Functional annotation of called peaks was performed with HOMER [17] annotatePeaks.pl. After associating peaks with nearby genes and assigning peaks to different genomic features (e.g., promoter, exon, CpG islands, repetitive elements, etc.), we also conducted Gene Ontology enrichment analysis for selected sets of UniNicE-seq peaks (e.g., tissue-specific peaks) and tested for enrichment of UniNicE-seq peaks in associated genomic features with HOMER.

Peak profile analysis in epigenetic relevant regions

To investigate enrichment of open chromatin signals over sets of genomic regions with epigenetic significance, we first calculated normalized read coverage (number of reads normalized by the scaling factor of Reads Per Kilobase per Million mapped reads (RPKM)) in tiling bins of 100 bp across the entire genome from the bam file of properly aligned fragments (excluding PCR duplicates and mitochondrial reads) using the deepTools [15]. Then, heatmaps and profile plots were generated based on the normalized read coverage per 100 bp-bin over sets of genomic features of interest (TSS, enhancer, CTCF binding sites, RNA polymerase II binding sites) and the surrounding +/−2 Kb regions. As a control, the normalized coverage of a set of randomly sampled genomic regions was also plotted in the same way.

External datasets

TSS of mouse (mm10) and human (hg38) genomes were extracted from the NCBI RefGene gene table downloaded from the UCSC Table Browser. ChIP-seq datasets of cell-specific and tissue-specific CTCF binding, RNA polymerase II binding, and histone marks (H3K27ac, H3K4me1, H3K4me3) were downloaded from the mouse and human Encyclopedia of DNA Elements (ENCODE) projects (Supp. Table 6). Human liver tissue-specific enhancers were acquired from the TiED database (http://lcbb.swjtu.edu.cn/TiED/) and EnhancerAtlas [18]. The original hg19 genome coordinates were converted to hg38 using the LiftOver tool.

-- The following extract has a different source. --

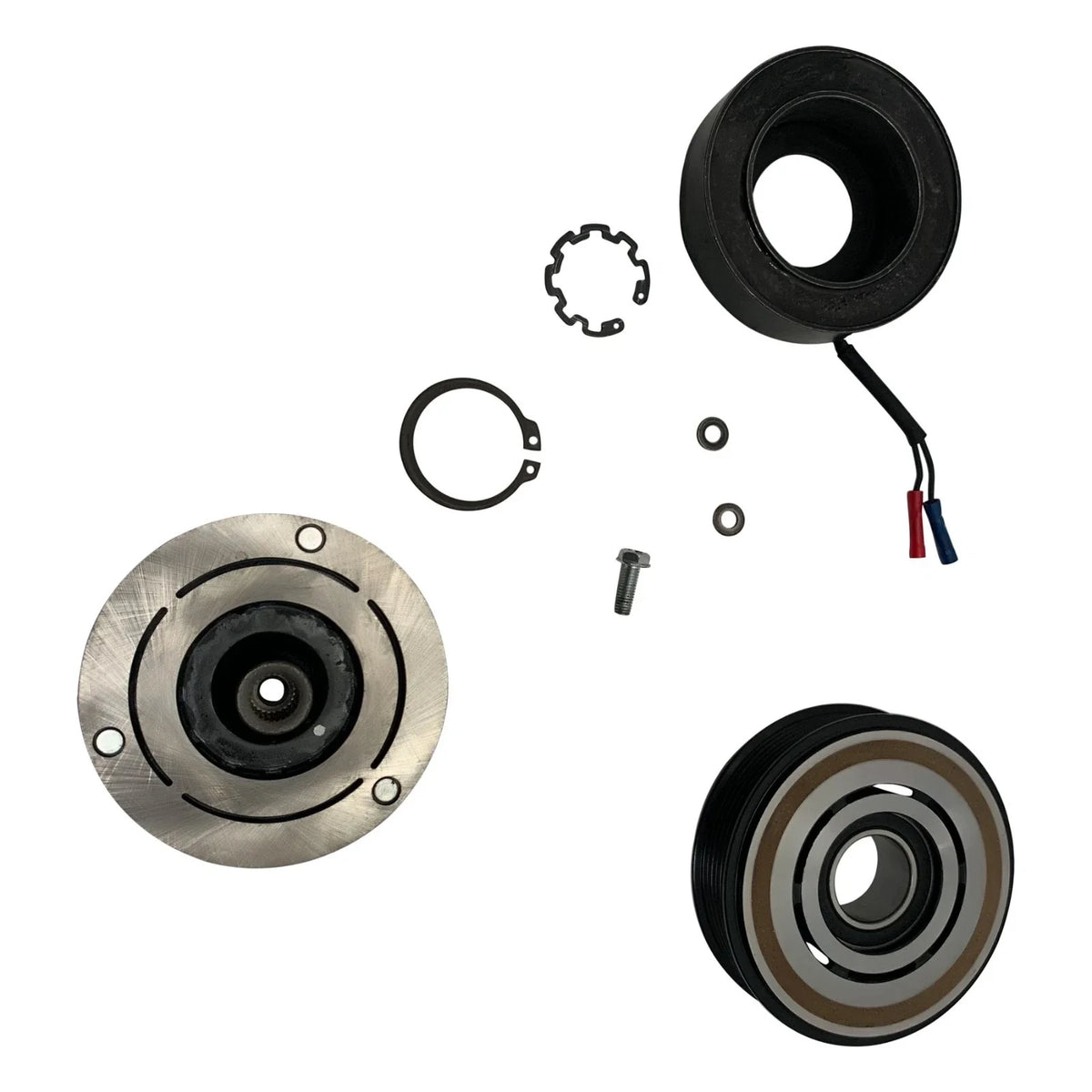 AC Compressor Clutch Replacement for GMC Savana 2500 (2019–2020)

ATAC-seq (SRX2717891 & SRX2717892) and OmniATAC-seq (SRX2717893 & SRX2717894) datasets of the mouse kidney were downloaded from the NCBI SRA database. The DNase-seq dataset of mouse kidney (ENCSR000CNG) was acquired from the ENCODE project. The human HCT116 ATAC-seq and WGBS datasets were downloaded from the NCBI GEO database (ATAC-seq: GSE101966 and WGBS: GSE97889). The DNase-seq dataset was acquired from the ENCODE project (ENCSR000ENM).

Data availability

All the UniNicE-seq data generated in this study are deposited in NCBI Gene Express Omnibus (GEO) under the accession GSE140276.